#### RECORD EXTRACTS
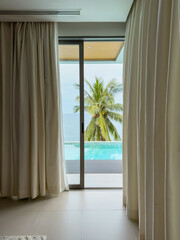 View from room of luxury villa at sunny day, sun loungers for sunbathing, umbrellas from the sun, pillows for swimming in the pool, palm tree on background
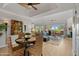 Open-concept living and dining area with a ceiling fan, hardwood floors, and large windows at 6138 N 28Th St, Phoenix, AZ 85016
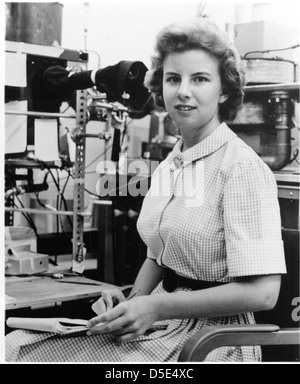 A photograph of Jacqueline L. Schroedter in the 1960s, working in a laboratory. Schroedter, a scientist at Lockheed, made significant contributions to the field of astronomy. The image reflects her role in scientific research during a period of significant advancement in space exploration. Stock Photo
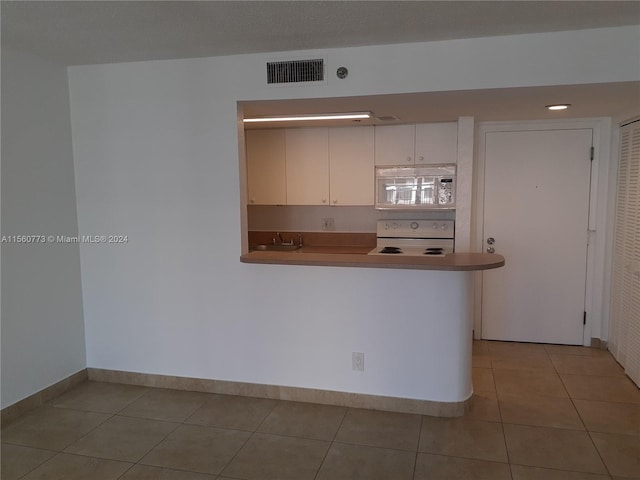 kitchen with white cabinets, built in microwave, range, and light tile flooring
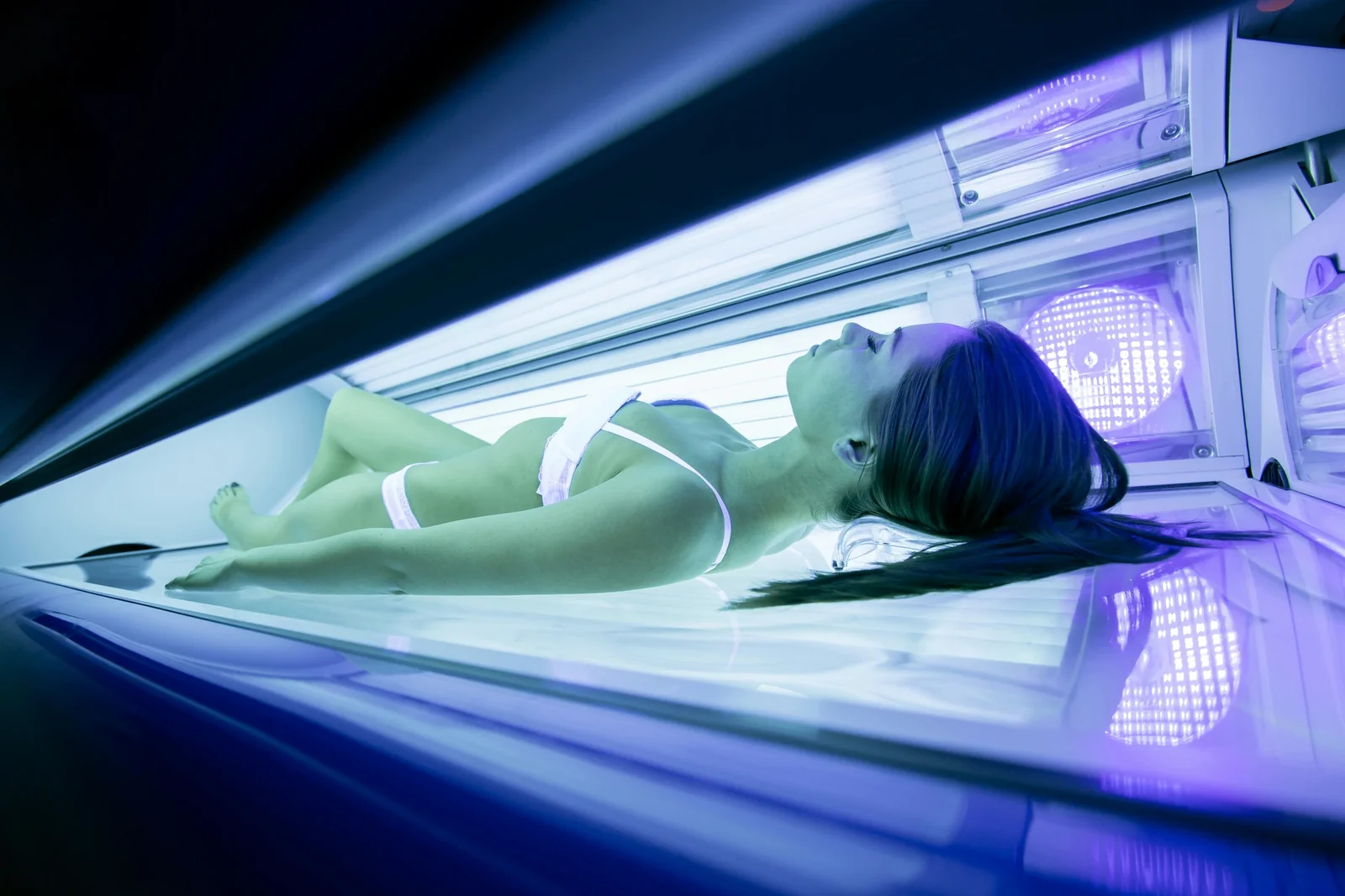 Woman lying in an open tanning bed with purple UV lights illuminated inside the salon equipment.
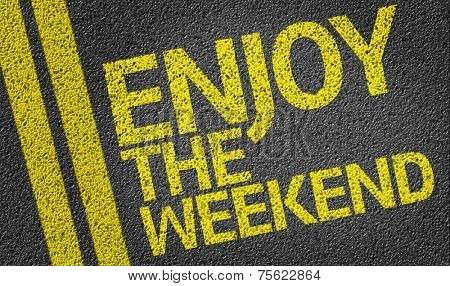 Happy Enjoy the Weekend written on the road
########
→ INSTRUCTIONS TO FOLLOW
Skipping the pictures, output the entries exactly as they appear above.

→ TASK ANSWER
 View from room of luxury villa at sunny day, sun loungers for sunbathing, umbrellas from the sun, pillows for swimming in the pool, palm tree on background
 Open-concept living and dining area with a ceiling fan, hardwood floors, and large windows at 6138 N 28Th St, Phoenix, AZ 85016
 A photograph of Jacqueline L. Schroedter in the 1960s, working in a laboratory. Schroedter, a scientist at Lockheed, made significant contributions to the field of astronomy. The image reflects her role in scientific research during a period of significant advancement in space exploration. Stock Photo
 kitchen with white cabinets, built in microwave, range, and light tile flooring
 Woman lying in an open tanning bed with purple UV lights illuminated inside the salon equipment.
 Happy Enjoy the Weekend written on the road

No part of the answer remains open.